* **Exercise directions**
Each entry is to be retyped exactly as it appears, and each image is to be dropped.

________________________

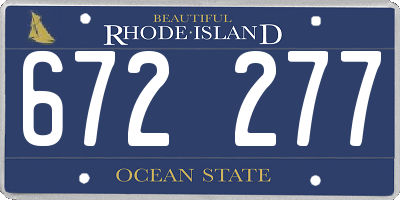 RI license plate 672277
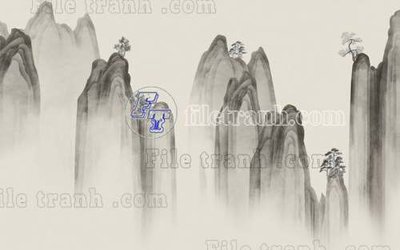 Download file File tranh gốc tranh tường bích họa idochine trung quốc IDT657 (gốc) in mica bàn thờ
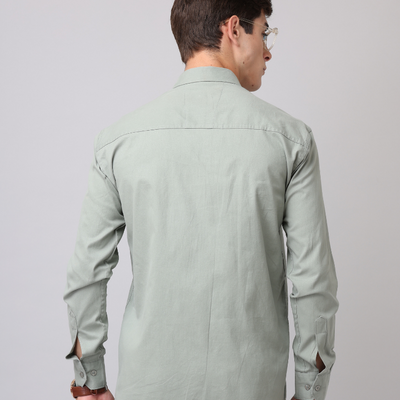 Frankshirt Pista Solid Tailored Fit Cotton Casual Shirt for Man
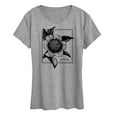 thumbnail image 1 of Instant Message - Good Morning With Flower - Women's Short Sleeve Graphic T-Shirt, 1 of 6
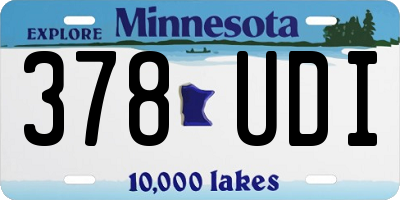 MN license plate 378UDI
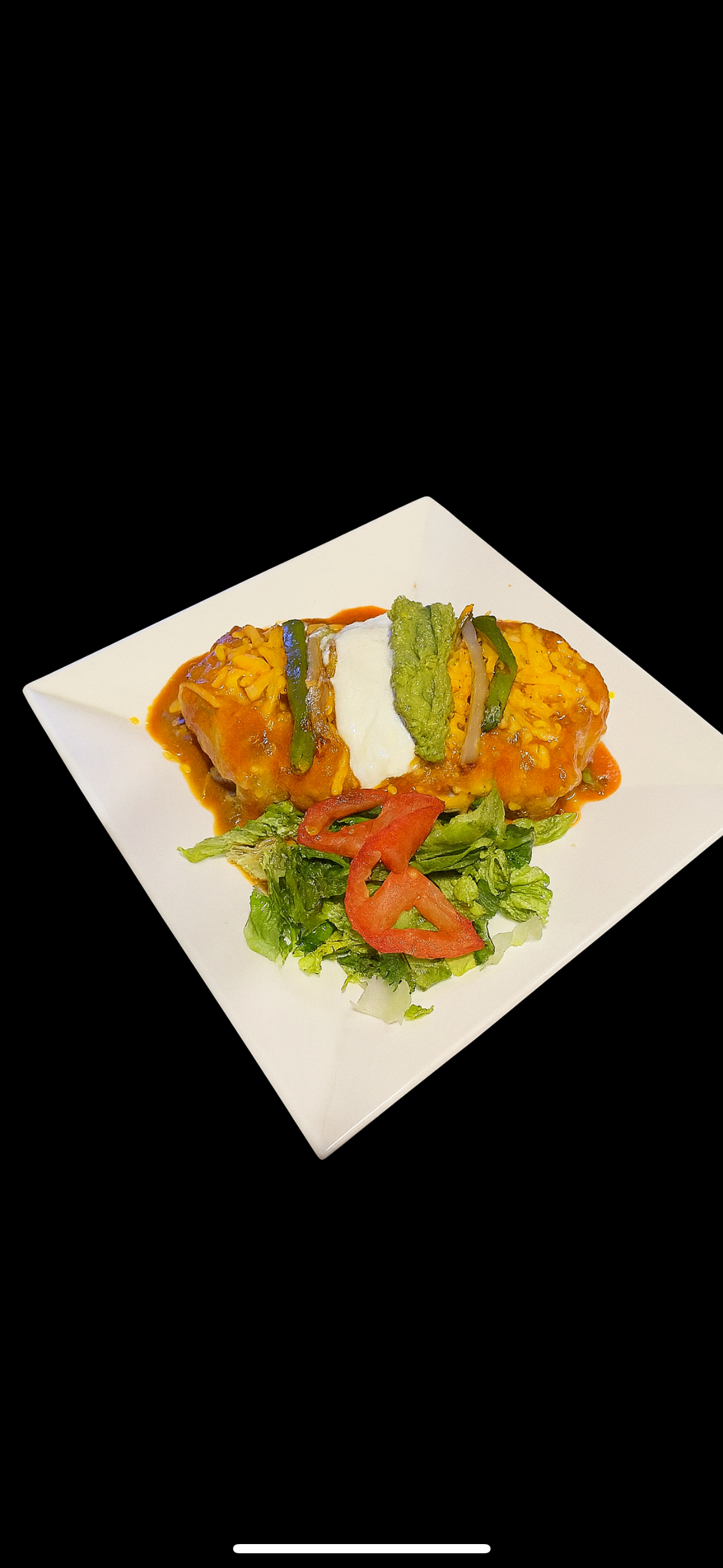 Fajita Burrito.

________________________

* **Answer for this exercise**
 RI license plate 672277
 Download file File tranh gốc tranh tường bích họa idochine trung quốc IDT657 (gốc) in mica bàn thờ
 Frankshirt Pista Solid Tailored Fit Cotton Casual Shirt for Man
 thumbnail image 1 of Instant Message - Good Morning With Flower - Women's Short Sleeve Graphic T-Shirt, 1 of 6
 MN license plate 378UDI
 Fajita Burrito.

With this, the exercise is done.